Such fickle, yet delicious, cake.
 If you're going to make these right away, preheat your oven to 425 and grease the bottom and sides of your pans or ramekins. Get a medium bowl and break up the chocolate bar and cube the cold butter. Melt at 30 second intervals, stirring between each session, until everything is fully melted. This took me about 2 minutes total. While the chocolate and butter are melting, measure out the rest of your ingredients and gather a large bowl. Dump the flour and sugar into it. Once the chocolate is done, let it cool off for a few minutes (hot batter + cold eggs = breakfast, not cake). Dump the melted chocolate and butter in with the flour and sugar mixture and whisk well. Once this stiffens up, dump in the lemon curd, lemon zest, extract, emulsion/juice, and all the eggs and egg yolks. Whisk until smooth and runny like it is above.
Literally the worst impulse purchase I've ever made. Stupid heart pan.
 Once you're ready to bake, fill your ramekins or pans 2/3 full. I was able to place a little less than a cup of batter into each cavity and then each small baking pan. Since I wasn't using ramekins, I literally stood in front of my oven and watched cakes bake to ensure they weren't going for too little or too long. I will now no longer use the phrase "like watching paint dry," but instead, "like watching cakes bake." I'm almost positive that would cure even a severe case of insomnia. If you use ramekins or small pans, place them onto a baking sheet before they go in the oven. Cooking time will vary from 12-18 minutes...the key to knowing when these are done is in the edges. Once the edges of the cakes start to turn golden, they're pretty much there. As long as the tops are not completely runny but instead slightly jiggly, your cakes are complete.
See, jiggly.
 I used way too much Pam and my edges got super dark because of it...but live and learn (or throw away the heart pan), I suppose. I ended up baking these for 16 minutes, but to be honest, I should have pulled them out at 14 minutes. I was just nervous the tops weren't set enough, and something between the 14 to 15 minute mark happened (I probably fell into a brief coma or something shiny distracted me), and by the time minute 16 hit, they were cooked a little too long.
Nothing like the sweaty terror of trying to remove four cakes from a pan at the same time.

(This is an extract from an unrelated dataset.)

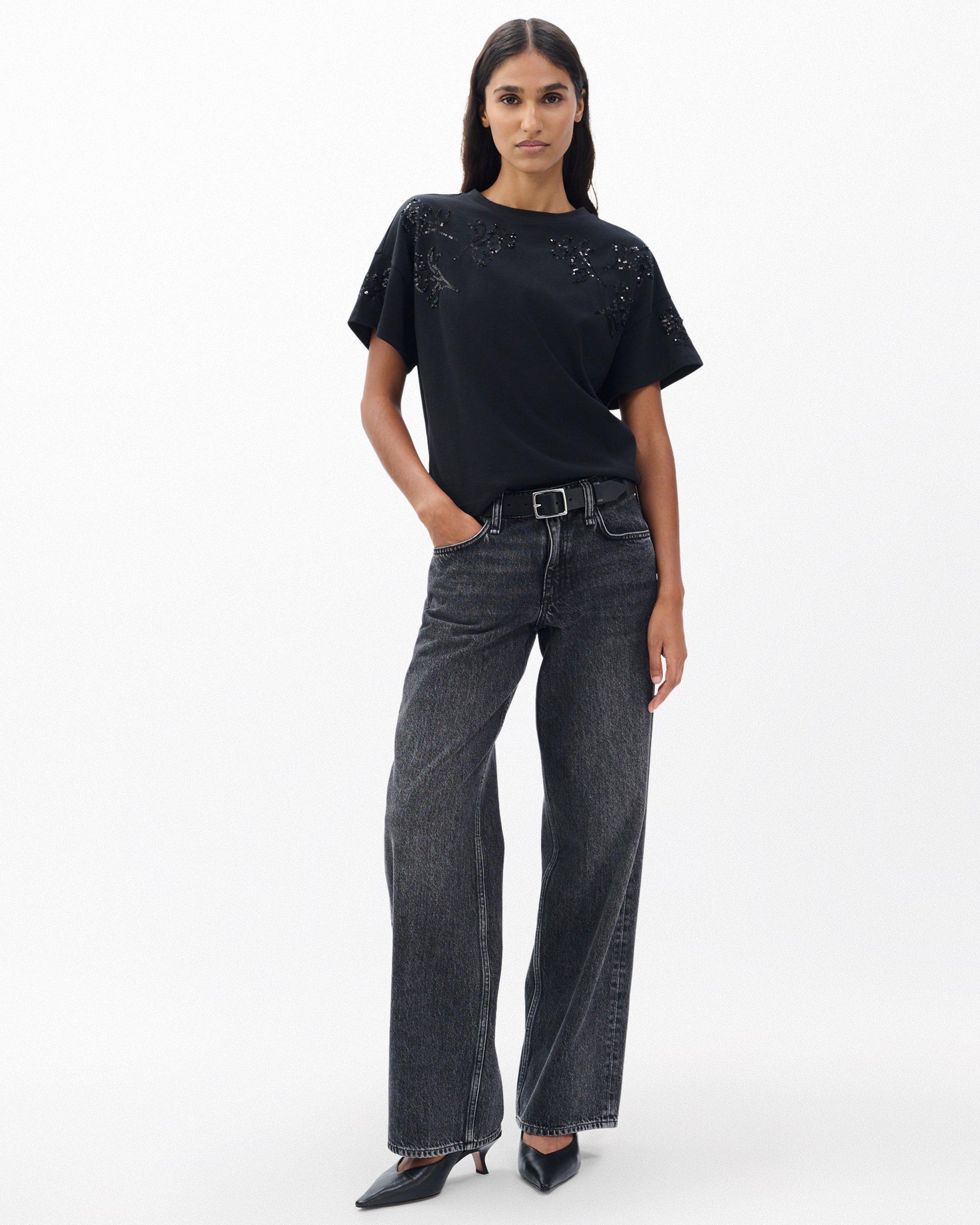 Kelly Boxy Beaded Floral Tee image number 3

 Let these cool in the pan for 10 minutes before you even think about looking at them, let alone removing them. When 10 minutes have passed, use an angled spatula or a butter knife and run it along the edges of the pan or ramekins. Once you can successfully wiggle these away from the edges of the pan, they are ready to come out. I placed a towel on top of my cooling rack and then a sheet of Parchment paper on top of the towel to catch any leakage (such appetizing word choice). I then placed this set up on top of the pan, and slowly inverted until the rack was on the bottom and the pan was upside down on top. Thankfully, I didn't pass out while I held my breath the entire time, and all the cakes came out without issue. This would be way easier to do with individual servings. When my smaller pans were done in the oven, each was easy to flip over and remove the cake from.

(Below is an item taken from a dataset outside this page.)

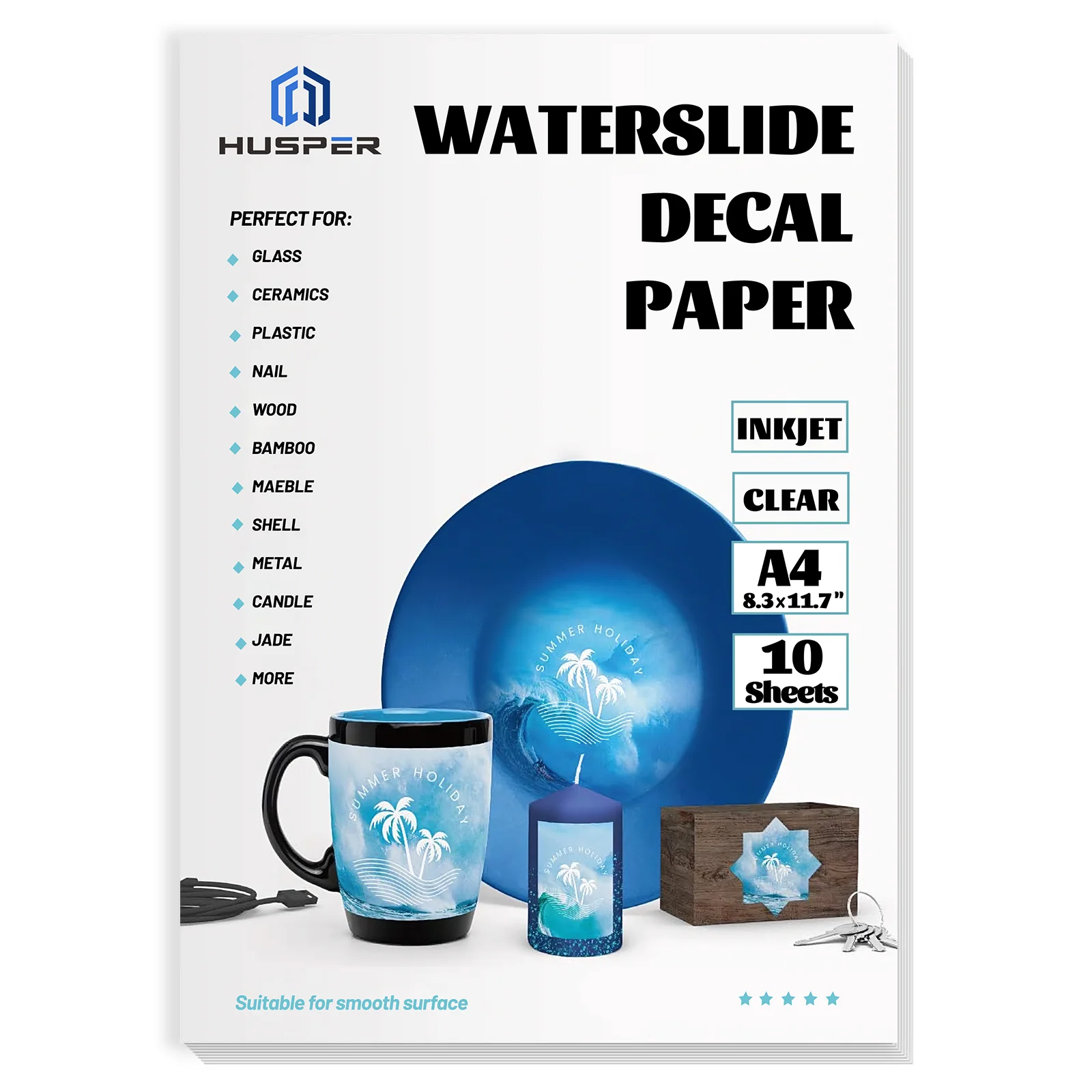 10 أوراق لتقوم بها بنفسك A4 النافثة للحبر زلاجة مائية ورق نقل مائي 8.3x11.7 بوصة ورق نقل المياه الشفاف للطابعة النافثة للحبر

Slightly burnt, like me after five minutes outside.
Like I said, for my oven, 16 minutes was literally just a minute or two too long. So they were a little dark, but what had me worries was whether or not they'd have any molten lemon lava inside because of it. Then I would have had to come up with an entirely different blog or eaten all 10 servings in a quiet, social media-free zone. I let the cakes cool for about 20 minutes before adding my toppings. If you're going topping free or using something simple like additional lemon curd and powdered sugar, by all means, eat fresh from the oven. Since I was using Cool Whip, I didn't want it to get melty and weird. For my garnish and decorations, I used an Ateco 879 tip and pipped a mound of Cool Whip Free on top of a few cakes. Then I garnished with thinly sliced strawberries. And then, I prayed for the first time in my life that hot lava would pour out of something inside of my very own home. Dante's Peak pretty much ruined volcanoes for me...I see the words "magma," "eruption," or "molten," and if they aren't immediately preceded or followed by the words "cake" or "chocolate," I get a little twitchy and panicked.
Literally the only time I've ever been happy to see lava.

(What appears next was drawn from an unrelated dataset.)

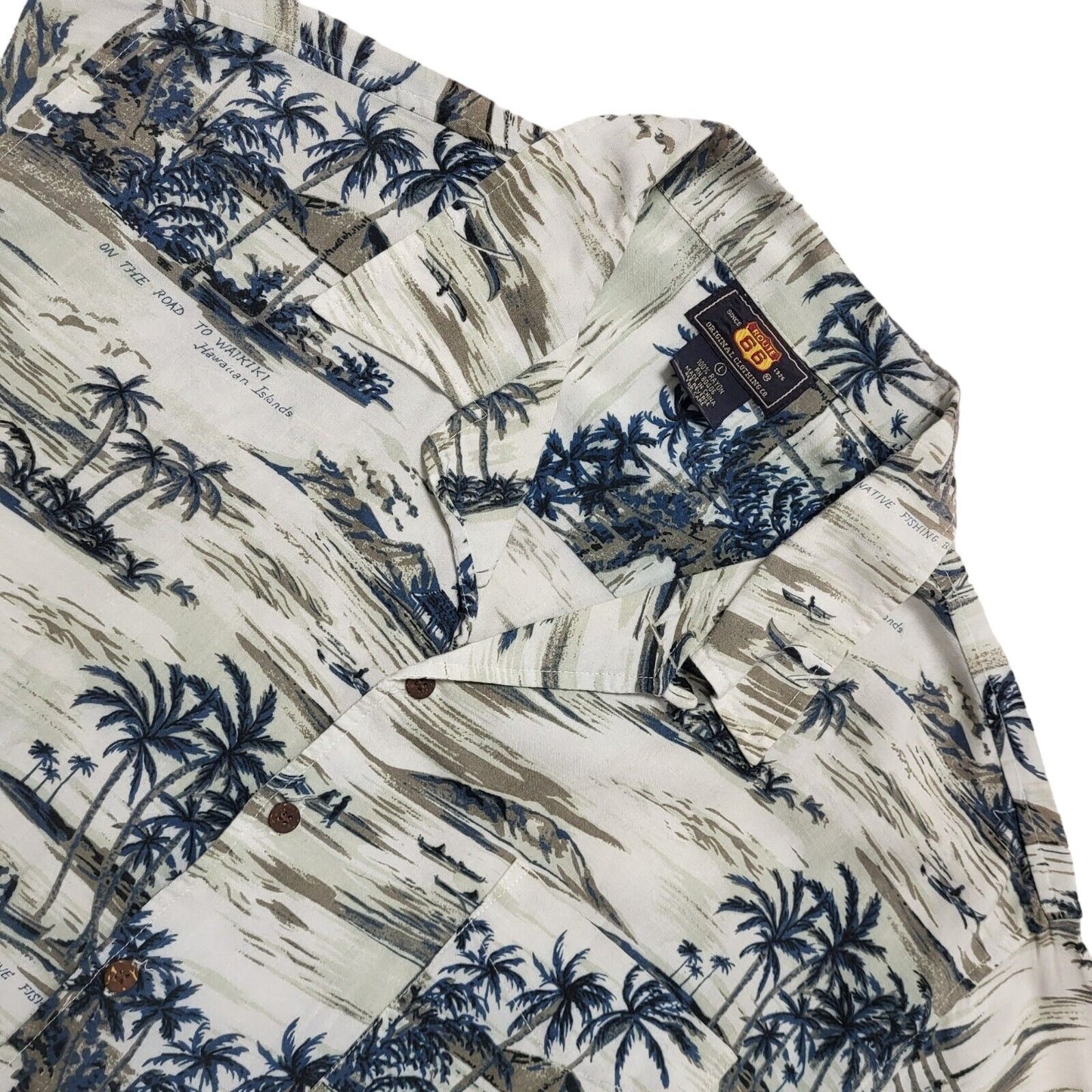 Route 66 Vintage 90's White Blue Palm Trees Short Sleeve Shirt Men's UK L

At first, there was only a small ooze. I thought I had ruined them for sure. Even if I had, at least the screw up was a damn tasty one. But the further in we excavated with our forks, the more lava kept pouring out:
This is still the only lava I want to come this close to.
And then there was lava all over the plate. And we licked up every last bit. Best experience I've ever had with lava. Chili's molten lava cakes are pretty good, but last time I checked (which now that we don't live in Clovis where this was our only dining option, is never), they weren't offering me a lemon version. While I'm okay with chocolate molten lava, I wasn't making these cakes for me (okay, so a little was for me); I was making them for my husband--my devout sour dessert lover. So much so that I let him have the last bite. Of dessert. Willingly. Because this is what you do when you're incapable of public displays of affection or showing romance worthy of a Shakespearean sonnet. You bake. And you bake what you know your loved one likes best. And you let said loved one have the last bite. Because Lord knows, without them, you'd be a ship in the night with 10 servings of lemon lava cakes to eat all by yourself, and you're not familiar with the idea of portion control, so there goes at least 4 servings in a single sitting. Basically, you'd be a giant disaster of a human being. So bake cakes for the person you love that accepts you in all of your disastrous, somehow endearing to them, glory. Remember, flowers and diamonds aren't edible, friends. 'Til next time, my fellow eaters!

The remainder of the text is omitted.